Thanks to Artificial Intelligence tools and machine learning, applied to text recognition, nowadays it is possible to translate texts in real time or transcribe the text of an image just by focusing it with the mobile camera.
OCR technology was born in the Hewell-Packard laboratories, but is currently being funded by Google
Optical recognition technology, optical character recognition (OCR), is one of the best known and used digitization tools in the world to convert physical documents to digital documents. OCR is a free software tool, which has its own repository on Github, so that developers can access it and use it to create their own applications.
The development of OCR began in the Hewell-Packard laboratories And now it is funded by Google and is compatible with all operating systems out there. The latest version of the tool, called Tesseract 4, uses neural networks to translate images to text and it supports more than a hundred languages.

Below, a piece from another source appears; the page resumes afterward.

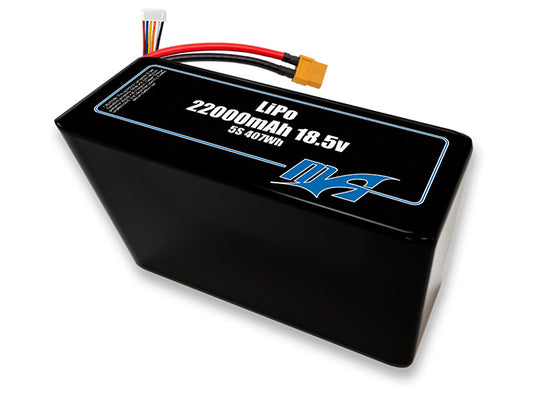A MaxAmps LiPo 22000mAh 5S 2P 18.5 volt battery pack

OCR Tesseract works through command lines. In this sense, although the official information of the tool offers a complete user guide and commands, in reality it is not easy to use it that way. Fortunately, there are some applications that help to manage this tool through an application, such as gImageReader.
What is gImageReader
gImageReader is an application free and free license (GPL 3.0), available for Windows and Linux, which is capable of converting images to text. In this sense, if an image containing text is opened, the tool detects the text, extracts it and converts it into a text document, for example, in Word.
In this sense, it is possible to convert text from images within a PDF, from images in various formats and from different devices, even from screenshots or from an image that has been copied to the clipboard.
The following image shows the gImageReader user interface:
In function of the image resolution quality, text recognition can be done manually or automatically. Once the image is converted to text, it can be formatted or edited to correct any grammatical or spelling errors.